The novel Gilead begins and ends with a similar affirmation. Old Reverend Ames tells his young son, “You might have a very different life from mine . . . and that would be a wonderful thing, there are many ways to live a good life.” And this from the final pages: “There are a thousand thousand reasons to live this life, every one of them sufficient.” And thousands of thousands of people living this life, every one of them cherished and sufficient and worthy of reverence.

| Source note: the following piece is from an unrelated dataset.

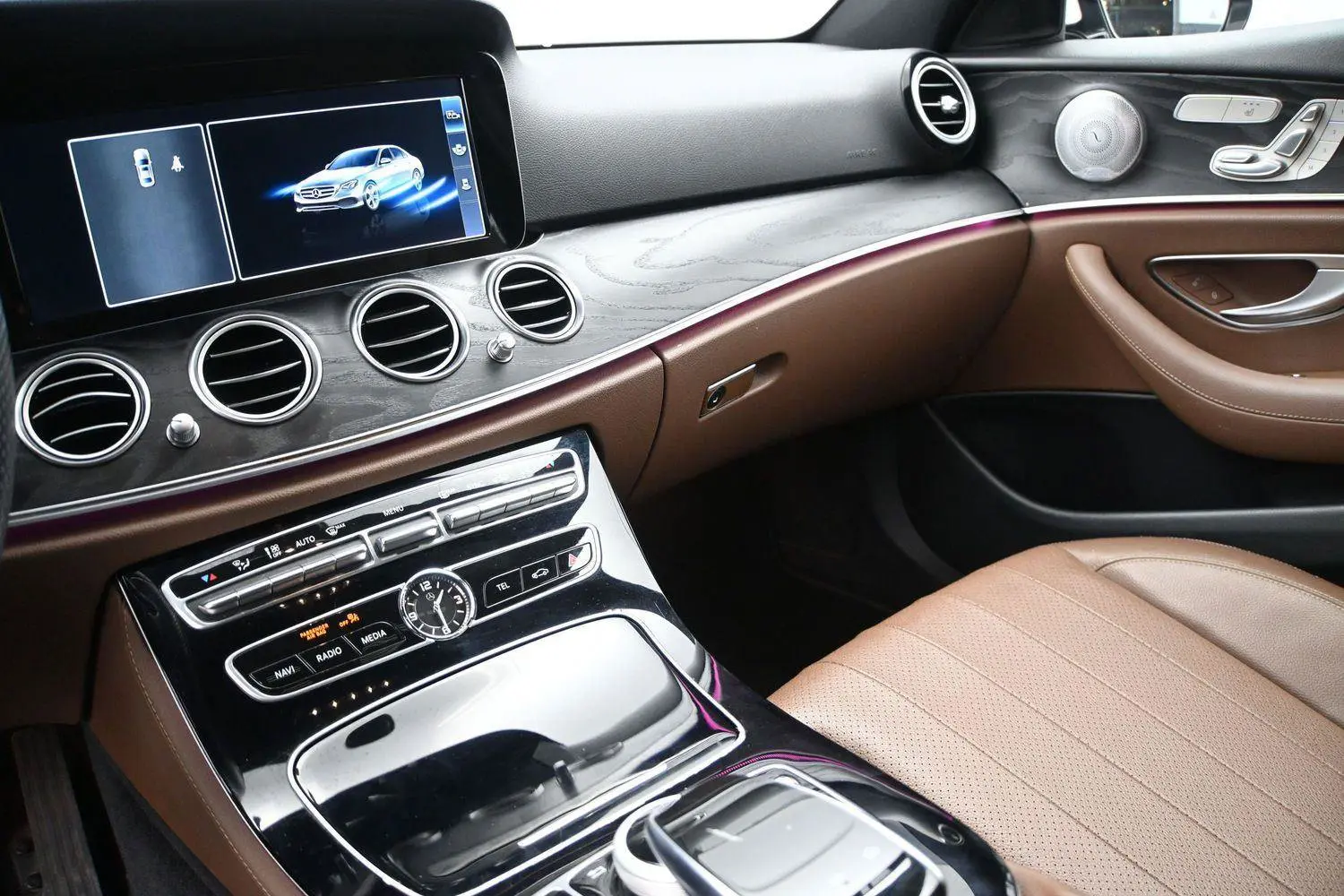 2017 Mercedes-Benz E-Class E300 4MATIC photo 4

Which makes me think, for some reason, of that baffling response Spencer Kimball once gave when someone asked him what he does when he finds himself in a boring sacrament meeting: “I don’t know,” he said, “I’ve never been in one.” That anecdote is usually told in the church with a little bit of a chuckle, because heaven knows some meetings are tedious. But a large part of communal worship may be the privilege of experiencing the holiness in others, of attending to someone’s utter otherness. This may be a large part of why I go to church—to learn to love and to briefly inhabit the foreign countries and strange planets of other people’s souls. Neal Maxwell once commented that “God is never bored . . . because of His perfect love for His children.” Boredom, then, is a failure of love, and also, I think, a failure of imagination. Every unusual human being, every ostensibly wearisome speaker, every oddity and every quirk I encounter is an invitation to see God’s image in the countenance of the other, is a summons to reverence.